Em abril, a empresa privada, em convênio com a prefeitura, dobrou o número de ações preventivas previstas em contrato, e se comprometeu a realizar 600 mil podas anuais na área de concessão.
“De janeiro a setembro, foram 433 mil podas, o que representa 72% da meta anual de 600 mil intervenções nos 24 municípios onde a companhia opera, incluindo a capital”, disse a Enel. “Esse total é o dobro do número de podas realizado em 2023.”
Mas as informações parecem desencontradas.
Segundo dados obtidos pela TV Globo, a concessionária Enel cumpriu menos de 1% das podas de árvores que se comprometeu ao longo do ano de 2024 na capital paulista.
Os números são de um acordo firmado entre a empresa e a Prefeitura de São Paulo, em junho de 2022, onde a companhia se comprometeu a fazer a poda das árvores na cidade que estão em contato com a fiação elétrica.
E quem fiscaliza a Enel?
A fiscalização é realizada pela Aneel, ligada ao governo federal. Desde 2018, a Aneel impôs cerca de R$ 320 milhões em multas à concessionária Enel, considerando apagões anteriores em São Paulo, incluindo um em março deste ano e outro em novembro passado.
No entanto, depois de uma liminar da Justiça Federal do Distrito Federal, a Enel não pagou a multa referente ao apagão de novembro, que era de R$ 165,8 milhões.
A decisão, proferida em março pelo juiz federal Mateus Benato Pontalti, argumentou que o devido processo legal não foi respeitado, e também impediu a Aneel de incluir a Enel no cadastro de empresas em débito com o governo federal.
Há ainda outra multa de R$ 95,8 milhões pendente, aplicada devido à má qualidade do fornecimento de energia em São Paulo, segundo a agência.
Em entrevista à Oeste, o diretor do Centro Brasileiro de Infraestrutura, Pedro Rodrigues, avalia que a discussão da responsabilidade está politizada. “No final, não tem um culpado, assim como não tem um certo”, afirma. “Todos têm alguma razão e, ao mesmo tempo, todos têm alguma culpa.”

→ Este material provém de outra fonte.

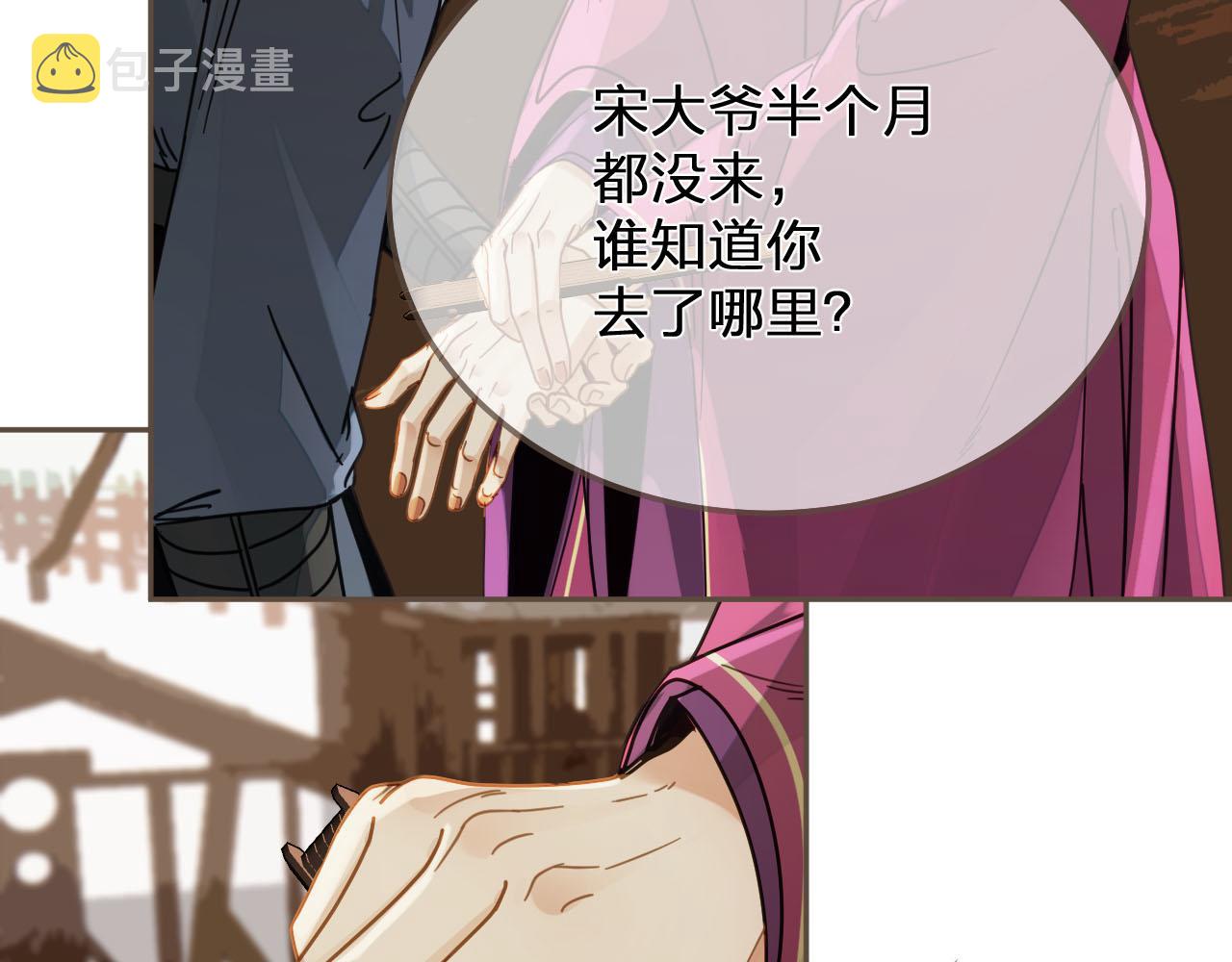 第114话 奴家叫红莲103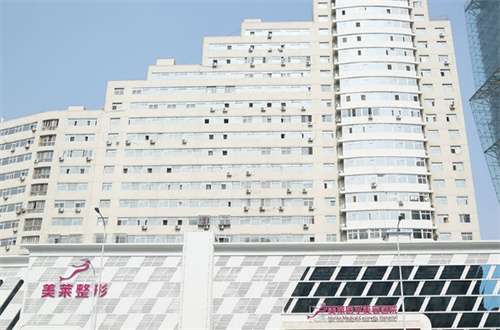 石家庄美莱做鼻子怎么样？医院简介与案例公布了
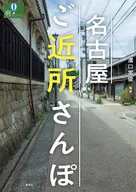 <<地理・地誌・紀行>> 名古屋ご近所さんぽ / 溝口常俊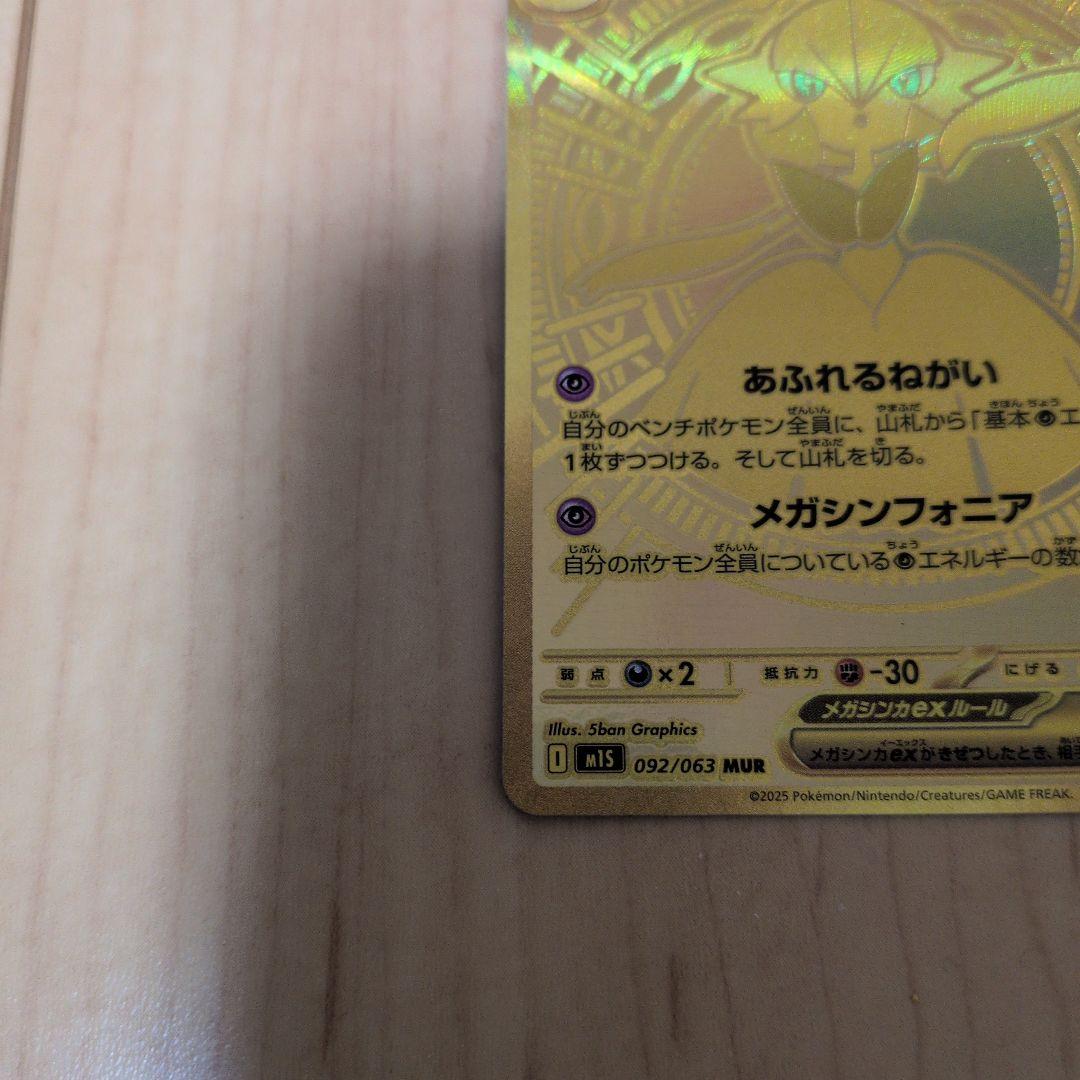 【ワンオーナー】メガサーナイトex mur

O especialista acredita que uma das grandes dificuldades, no caso da Aneel, é a de fiscalizar de perto o cumprimento dos serviços das concessionárias. “Me parece um pouco fantasioso querer que a Aneel, lá em Brasília, fiscalize a poda de árvore Paraisópolis, em São Paulo, ou numa rua que ninguém conhece no Rio de Janeiro, ou em outros estados brasileiros.”
“Nós temos agências em São Paulo que têm convênios com Aneel, como a Arsesp”, acrescenta. “Poderíamos ter um tipo de convênio melhor, um poder de multa e de fiscalização maior. E isso não acontece, apesar do convênio.”
Outra solução, segundo Rodrigues, seria o aterramento dos fios. No entanto, o especialista pontua que o custo e a dificuldade dessa operação tornam o projeto praticamente inviável.
“Você não consegue isso para amanhã”, diz. “O prazo é de um, dois, três, quatro, cinco [anos] para enterrar a rede da cidade de São Paulo inteira. Isso não é possível. Mas existem outras saídas, como, por exemplo, a Prefeitura e a Enel terem um empenho maior na poda de árvores.”